*PROBLEM*. Could you repeat every record below exactly, leaving out the pictures?
-------- PROVIDED DATA
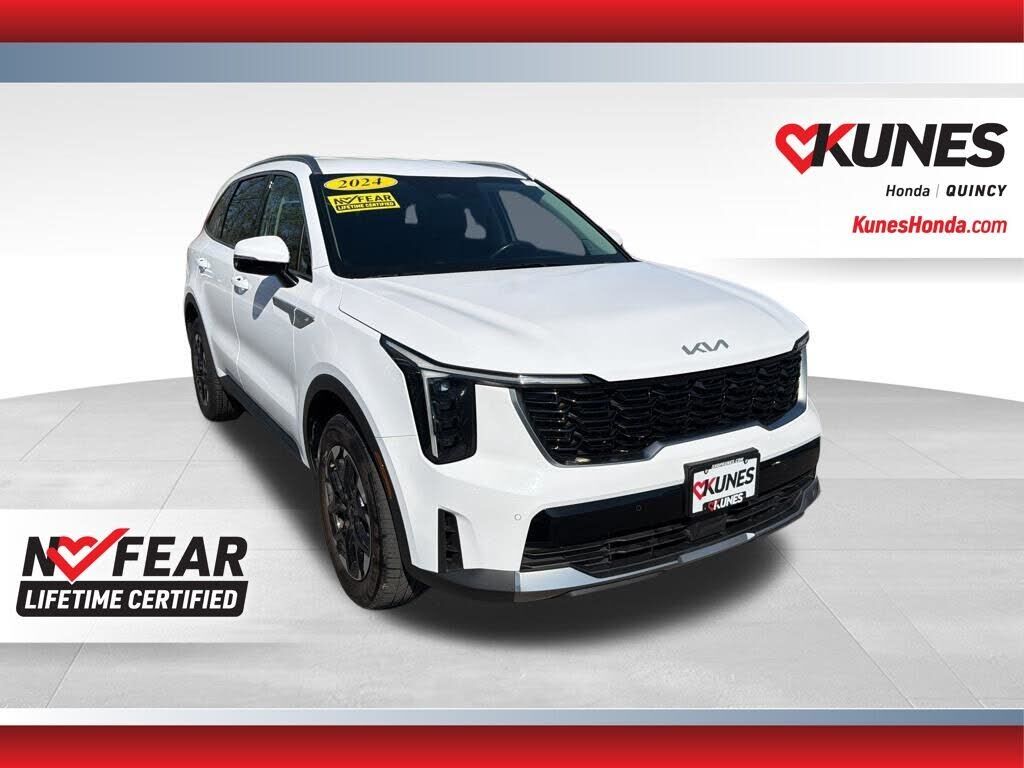 2024 KIA Sorento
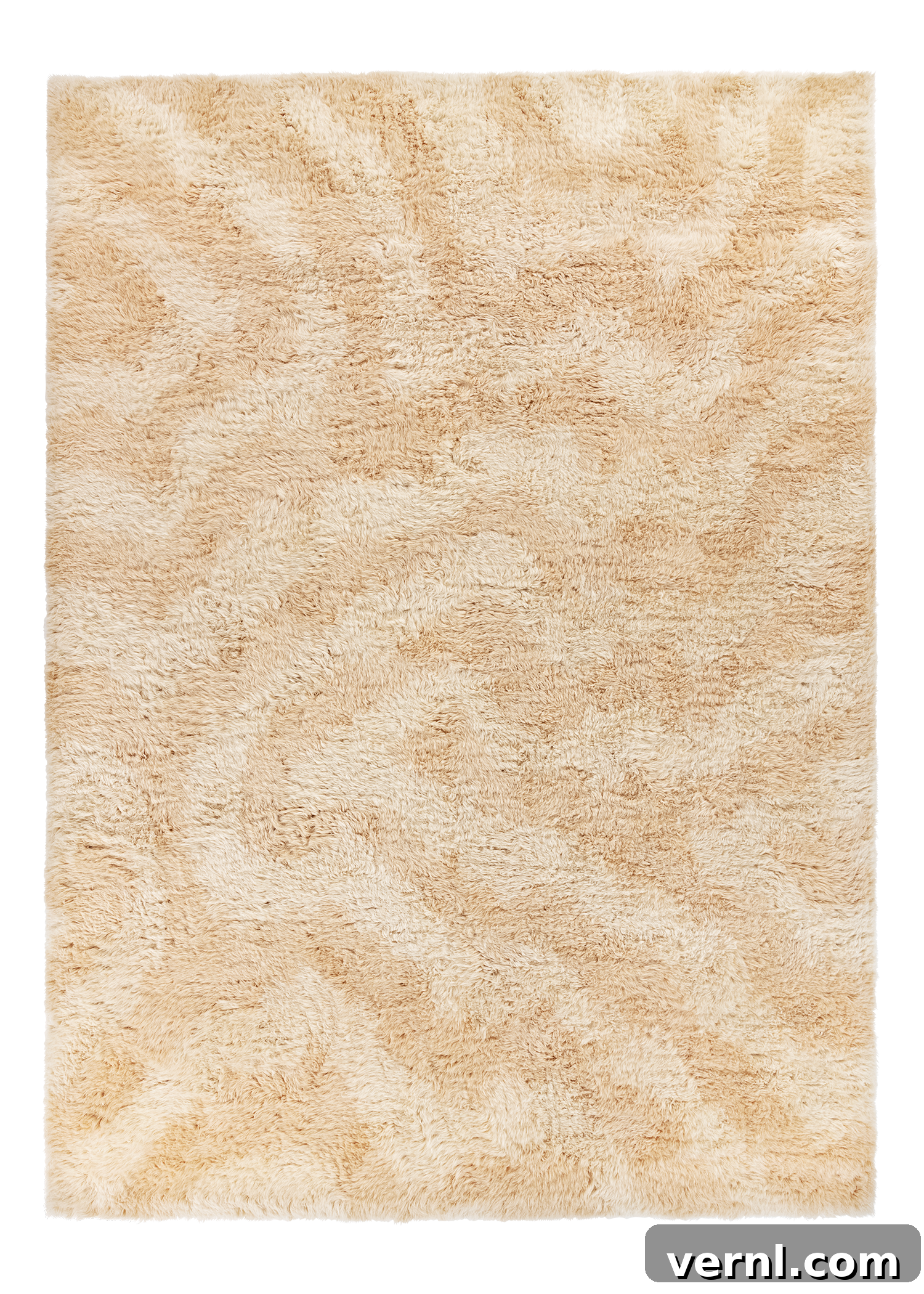 February's Most Wanted: Trending Picks 3 Beige and off white Monster rug by Hem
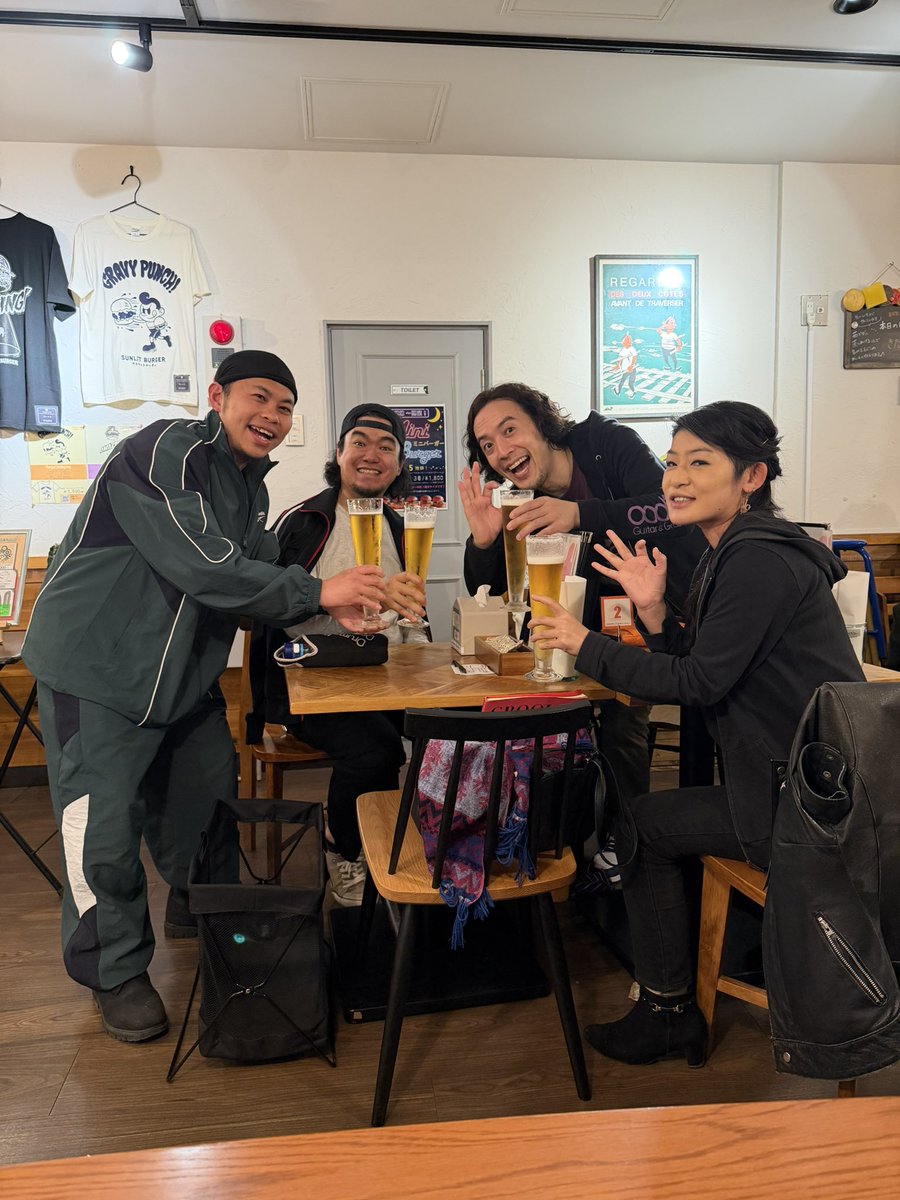 じゅんぱち＆おりぼすofficial tweet media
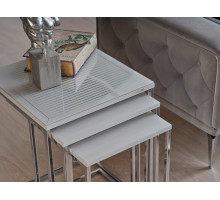 Столик журнальный 3в1 Лоретто (Loretto) Loret-53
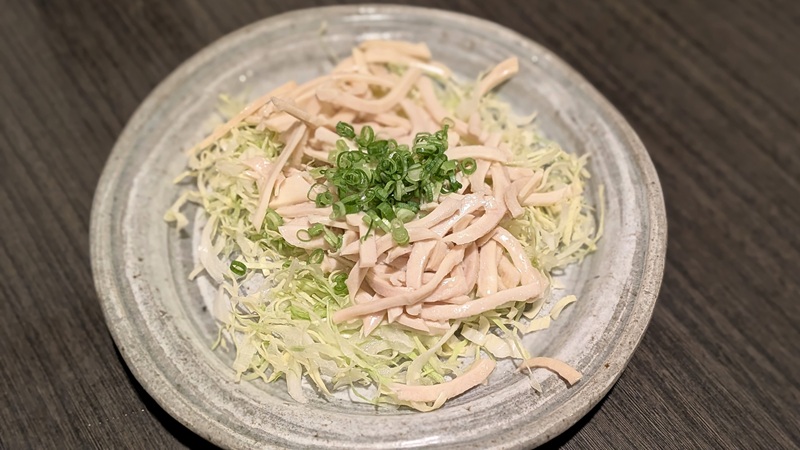 センポコのバター焼き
----------------
*RESULT OF THIS EXERCISE*.
 2024 KIA Sorento
 February's Most Wanted: Trending Picks 3 Beige and off white Monster rug by Hem
 じゅんぱち＆おりぼすofficial tweet media
 Столик журнальный 3в1 Лоретто (Loretto) Loret-53
 センポコのバター焼き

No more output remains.